Ils sont sept « enfants des rues » de Buenos Aires - plus tellement enfants d’ailleurs puisqu’ils sont adolescents et jeunes adultes - et leur deux accompagnateurs, Omar et Martin - à avoir embarqué dimanche 1 octobre à Mar del Plata, à quelques heures de bus de Buenos Aires, pour une semaine de navigation jusqu’à Puerto Madryn et la péninsule Valdès, 500 miles plus au sud. Sept membres de la communauté de Ruca Hueney, un foyer situé en périphérie de la capitale argentine et qui, avec le soutien de l’association suisso-argentine Mate Cocido à Genève, apporte toit, santé et éducation à des dizaines d’enfants et d’adolescents laissés pour compte par le système ou leur famille. Une vraie famille, justement, que ce foyer où les plus petits apprennent à lire, à écrire, les mathématiques et les divisions « méthode française », et les plus grands l’anatomie animale aussi bien que l’expression artistique dispensée par une toute jeune prof que l’on croise traversant les champs pour venir donner son cours dans le bâtiment nouvellement construit. Lequel bâtiment tout blanc accueille, outre des salles de classe et une grande aula à la belle charpente en bois, une laiterie où sont fabriqués des fromages par une jeune Joanna toute fière de sa production. Car on travaille aussi, à Ruca. Aux champs sous la houlette d’éducateurs pour s’occuper du potager ou des vaches - ça c’est la responsabilité d’Ariel - qui produisent le lait pour les fromages, notamment.
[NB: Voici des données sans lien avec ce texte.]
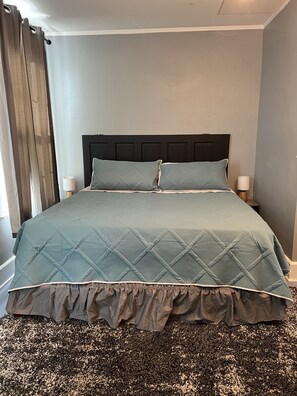 3 Schlafzimmer, Schreibtisch, Bügeleisen/Bügelbrett, Reisekinderbett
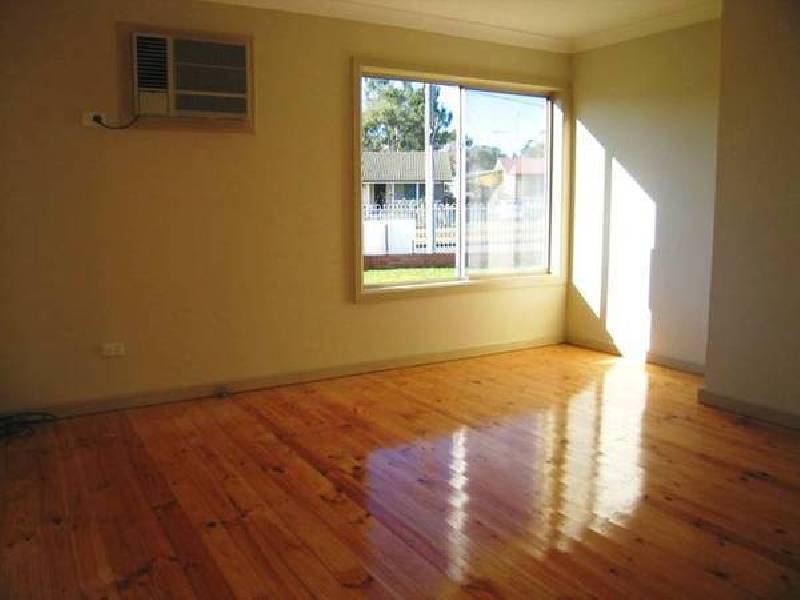 Redditch Crescent, Hebersham NSW 2770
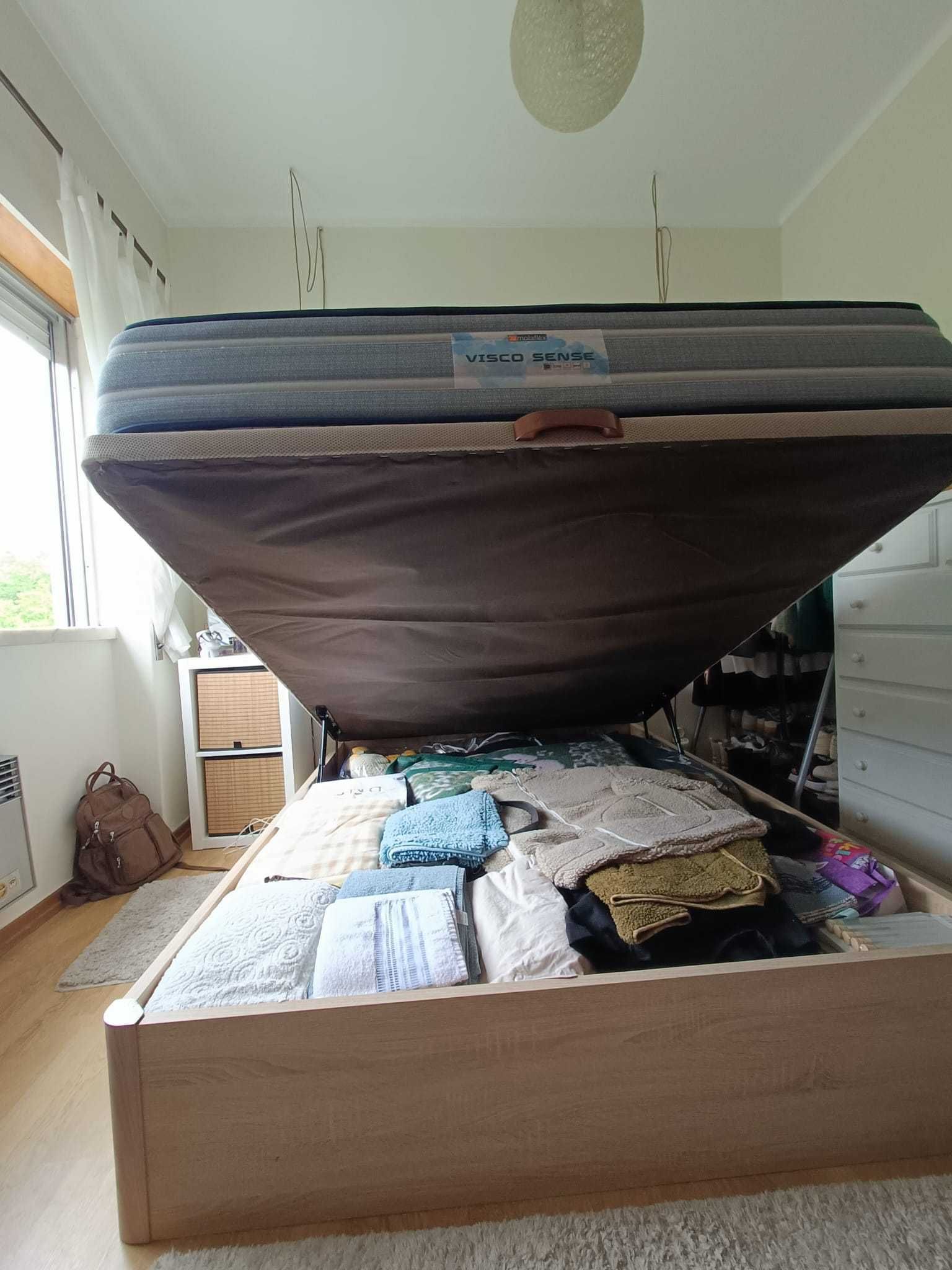 Cama sommier com arrumação + Colchão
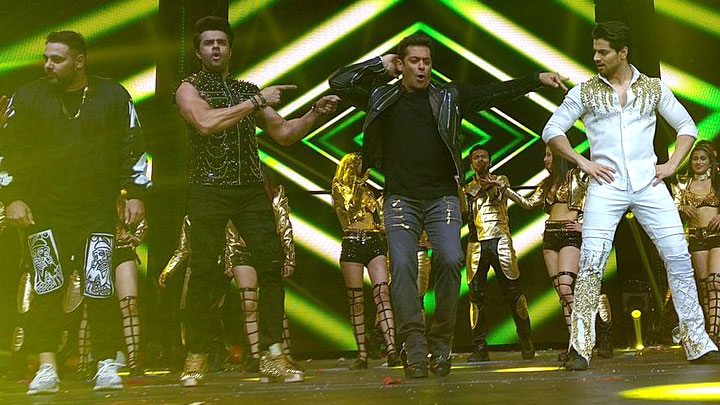 Watch how Salman Khan And Team WON London | Dabangg Tour UK Watch how Salman Khan And Team WON London | Dabangg Tour UK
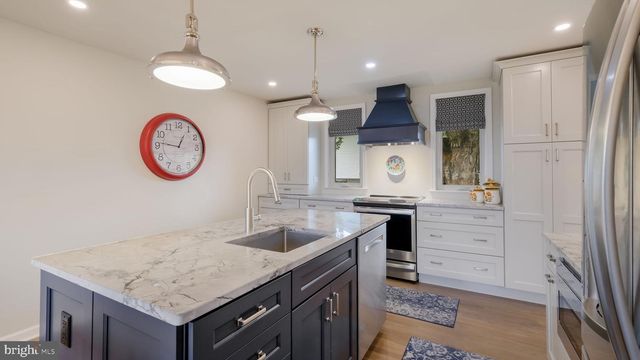202 FRONT ST, Feasterville Trevose, PA 19053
Une famille où les plus grands, devenus adultes, deviennent des éducateurs qui prennent le relais et s’occupent à leur tour des plus petits.

Ce petit détour par la campagne argentine à moins de deux heures de Buenos Aires pour dire combien ce projet d’embarquer sur Fleur de Passion, né à Genève, s’est imposé comme une évidence tant la fonction du voilier est d’être une passerelle entre les mondes, entre les continents et les gens, tant il a pour ambition d’offrir d’autres horizons en plus de voguer vers les siens.

Une dizaine de jours avant d’embarquer pour de bon, le groupe de Ruca était venu à bord alors que le voilier faisait escale au Yacht Club Argentino de Buenos Aires. Pour découvrir le bateau, faire connaissance avec l’équipage - Jorge le skipper argentin, Yffig et JJ - et humer déjà un peu les délices de cet air du large si proche et pourtant si lointain. Une excitation contenue se lisait dans leurs yeux alors qu’ils arpentaient le pont, les coeurs battant d’émotion résonnaient tandis que, progressivement, ils commençaient à s’approprier non plus un rêve mais une réalité bien tangible. Enfants des rues ils n’étaient plus, mais équipiers en devenir, qui participeraient bientôt à la manoeuvre, hisseraient les voiles, tiendraient un cap ou se lanceraient dans une partie d’échec quand l’heure serait venue de laisser son quart à d’autres. Le repas pris en commun autour de la grande table du carré avait eu la gaité spontanée de ces moments de rencontre et de partage que le bateau permet, espace d’accueil par nature quand il est au port. Il avait été l’occasion de discuter de tous ces aspects de la vie du bord de cette autre communauté que forme l’ensemble de l’équipage en navigation: veiller à l’entretien courant, préparer les repas, faire la vaisselle, etc. La vie ensemble, en mer comme à terre!

Alors en attendant plus amples nouvelles du bord de nos équipiers de Ruca, ces voeux de bonheur que nous leur adressons depuis Genève.